- HOW TO COMPLETE THIS TASK -
The required output is every line from the one containing "無検閲AI動画生成ツールを探" through the last line of the listing below, copied exactly, pictures excluded.

-------

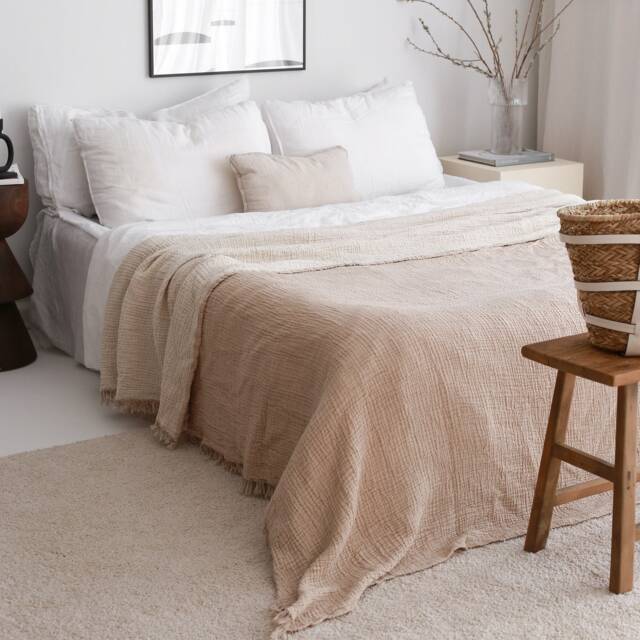 Organic Muslin Bedspread King, Turkish Cotton Blanket, Gauze Bedding Quilt - image 1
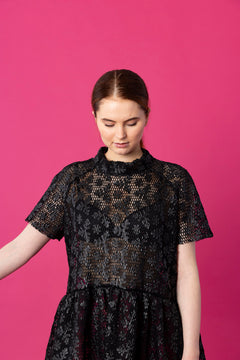 Dishy Dress Short Sleeves Lace Black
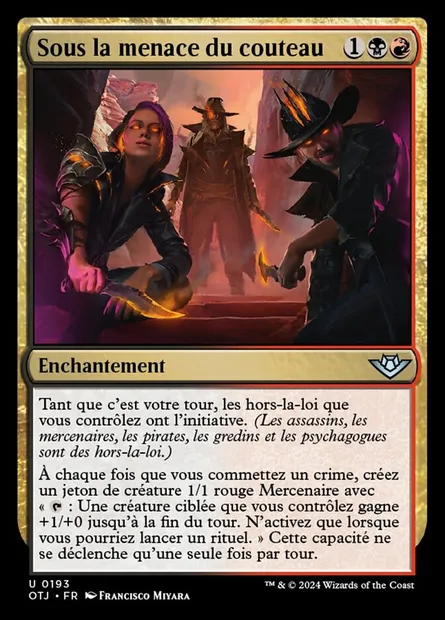 Sous la menace du couteau, carte Magic OTJ 193 — extension Outlaws of Thunder Junction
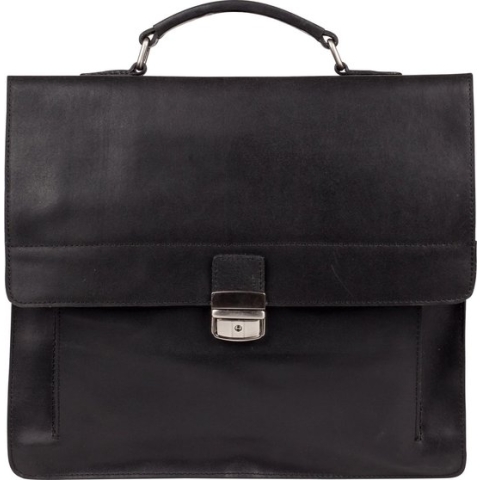 Burkely Vintage Scott Briefcase 2-Comp - Aktetas - Zwart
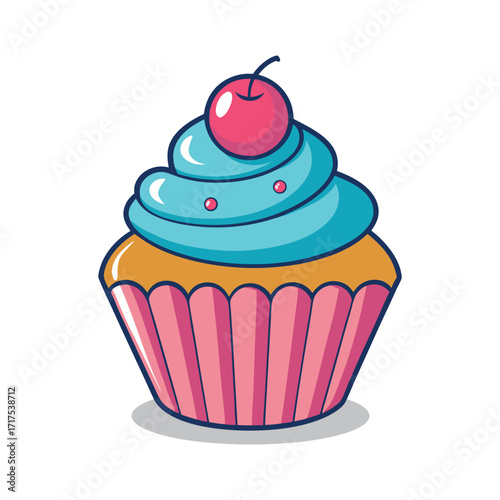 Three cupcakes with christmas decorations on top of them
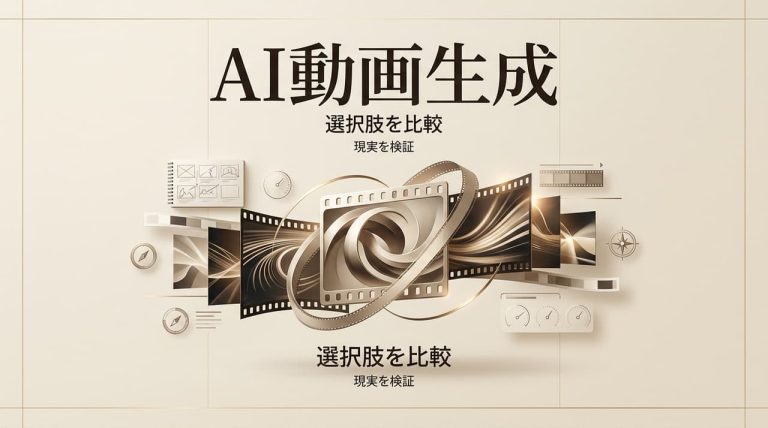 無検閲AI動画生成ツールを探す方向けに、各種AI動画生成サービスの選択肢を比較し、その現実や特徴を分かりやすく検証しているミニマルで上品なデザインのインフォグラフィック画像。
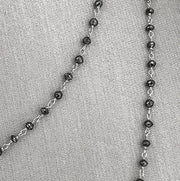 Natural Black Diamond bead 18kt white gold necklace
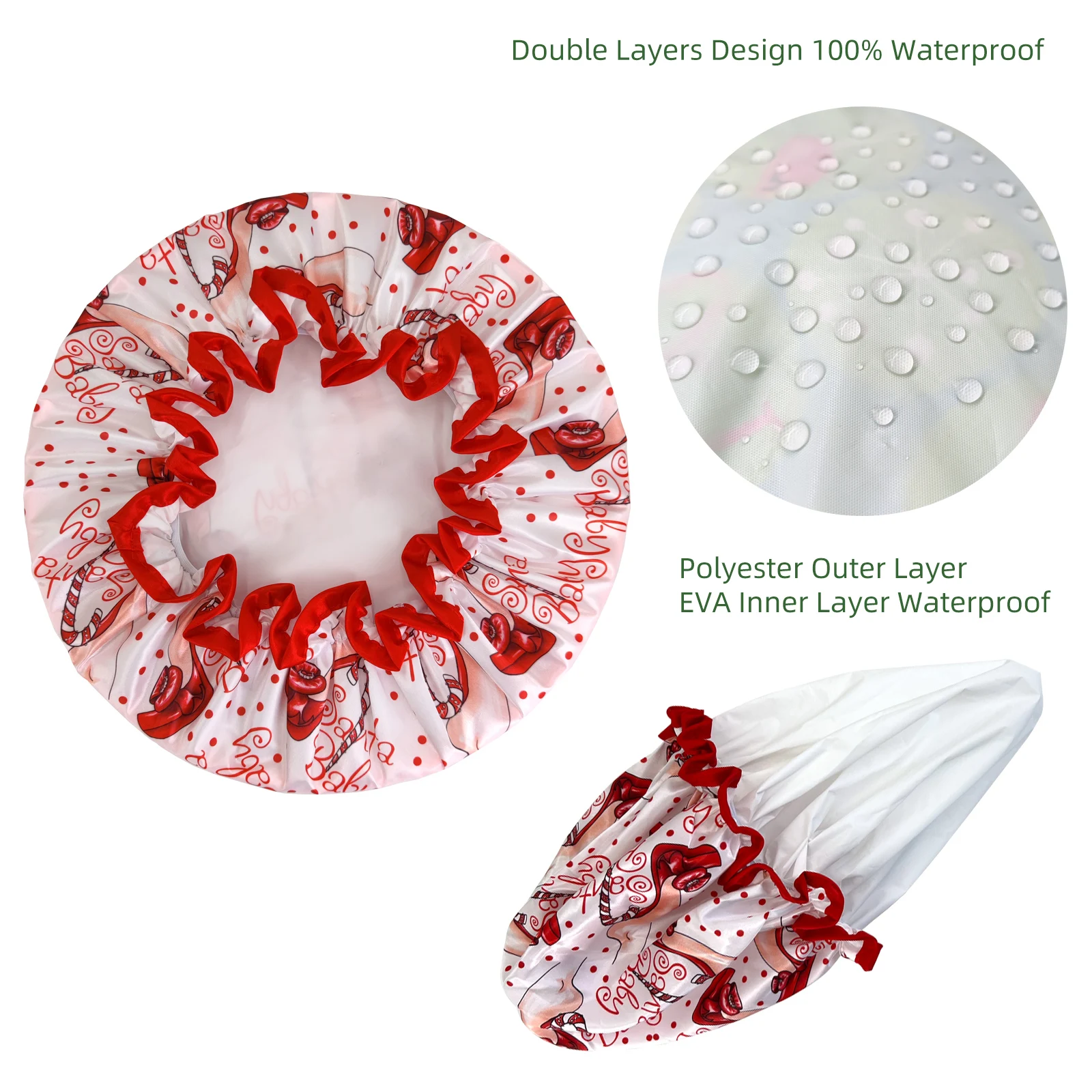 Shower Cap High Quality Shower Caps Polyester Satin Double Layers bath cap Women Resuable 26 Items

-------

- RESULT -
 無検閲AI動画生成ツールを探す方向けに、各種AI動画生成サービスの選択肢を比較し、その現実や特徴を分かりやすく検証しているミニマルで上品なデザインのインフォグラフィック画像。
 Natural Black Diamond bead 18kt white gold necklace
 Shower Cap High Quality Shower Caps Polyester Satin Double Layers bath cap Women Resuable 26 Items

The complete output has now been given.